「アドレッセンスの心の揺れを繊細に描いた美しい作品」美しい夏 sugar breadさんの映画レビュー(感想・評価)
アドレッセンスの心の揺れを繊細に描いた美しい作品
1938年トリノ お針子として働く16歳のジーニアの青春の日々を綴っていきます。
場面ごとに絵作りにこだわり、余韻を持たせたシーンチェンジを工夫しています。
ただ、物語的には起伏に乏しく、突き抜けたところが私にはあまり感じられませんでした。
ムッソリーニのアジ演説や黒シャツは出てきましたが、時代の空気感はさらりとしか語られません。
3歳上のモデル アメーリアとのシスターフッドは魅力的ですが、もう一歩踏み込みがほしいところ。ジーニア役のイーレ・ヴィアネッロは声が低く、演技力がありすぎるため、彼女の方が年上のように見えてしまいます。
誠実さのない男たちに引きずられ、ジーニアは遅刻を繰り返したり、納期を守れなかったり、その結果職を失ってしまうくだりは、あまり同情する気にはなりませんでした。まあ若さゆえの惑いで仕方がないのですが。復職を認めてくれたボスやいざという時助言してくれる兄など、心優しい大人が側にいてくれて本当によかったです。
湖畔でのピクニックや時代を反映した小洒落たファッションなど映像的にはとても楽しめますし、シスターフッドな場面に流れる歌も心地よいです。
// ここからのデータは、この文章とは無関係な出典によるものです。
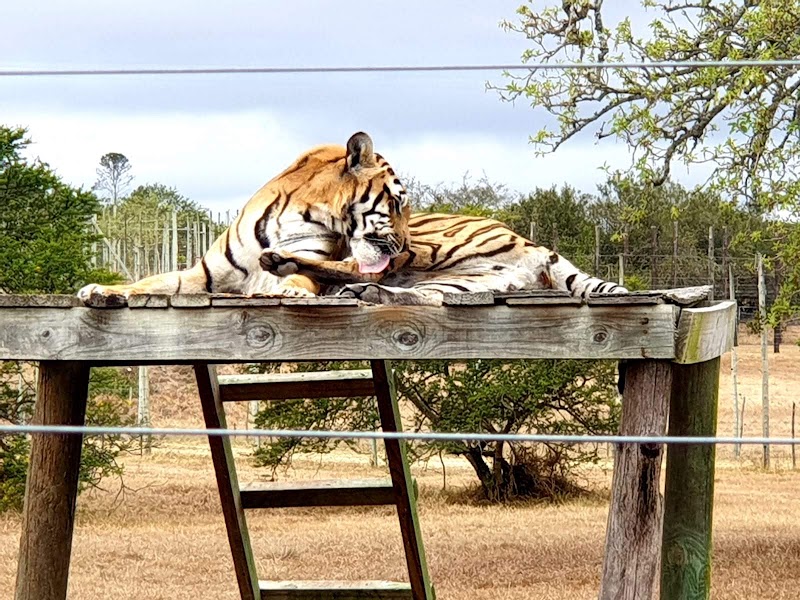 Kwantu Private Game Reserve - Kwantu Private Game Reserve, 1 Daniel street, Sidbury, 6130, South Africa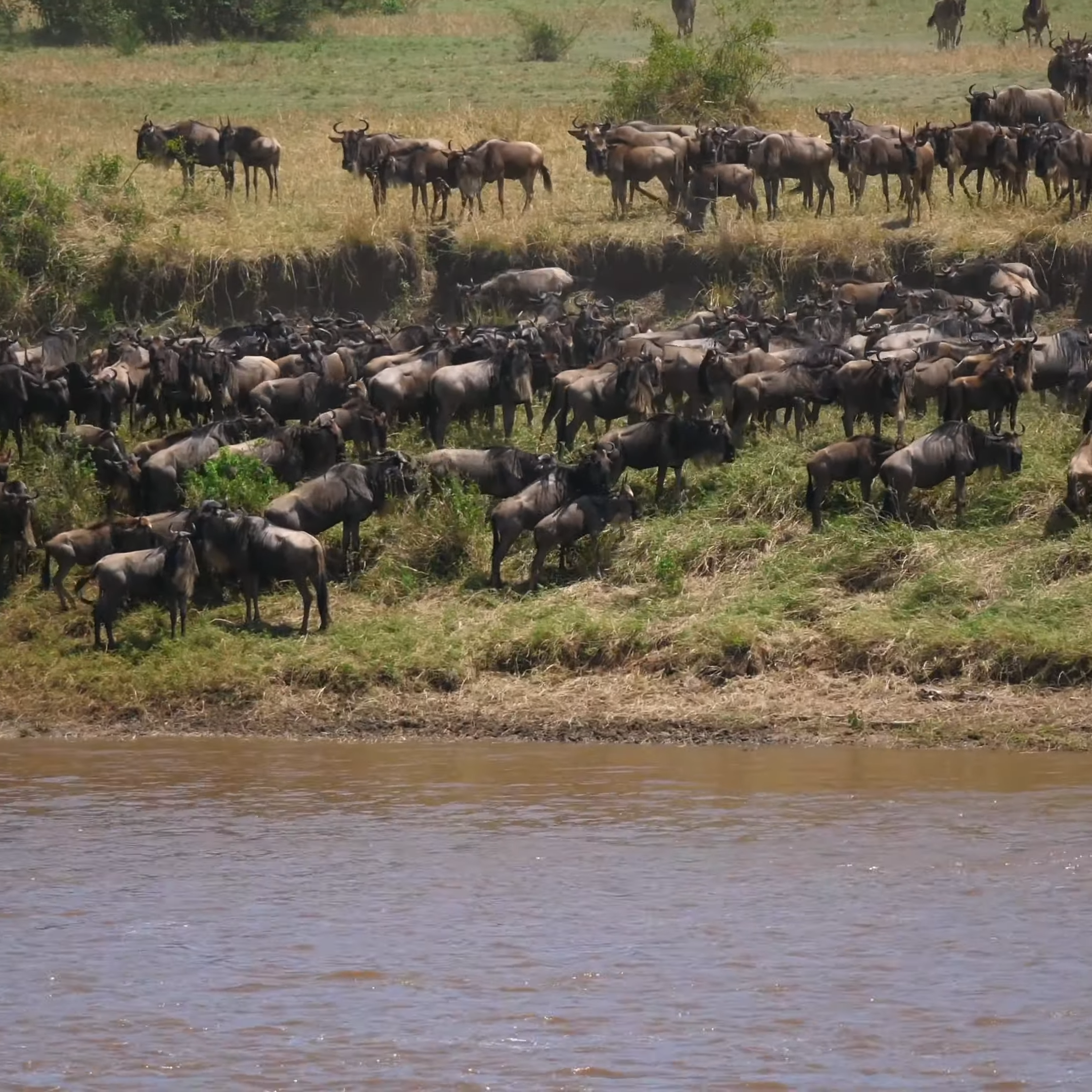 Mara River Crossing_11-Day Luxury Mobile Camp Safari_Mtembezi African Safaris & Vacations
あのドイツ語の歌が頭から離れません!いい歌で、歌ってるスイス人(母語はドイツ語、スイス・イタリア語、フランス語等だそうです)は別にこの映画のためにその曲を作った訳でなくて、監督が多分誰もわからない言語の歌がいいと思って使うことにしたみたいなんですね。スイス人のそのシンガーソングライターは、その曲名をタイトルにした小説(ドイツ語)を今年になって出版したそうです
お邪魔します。
映像的にもまさに「美しい」作品だと思いました。
登場人物達が本当のどん底に落ちなかったり、御指摘の通り決して深くは踏み込まなかったりの「寸止め」みたいな余白の残し方が心地良く感じました。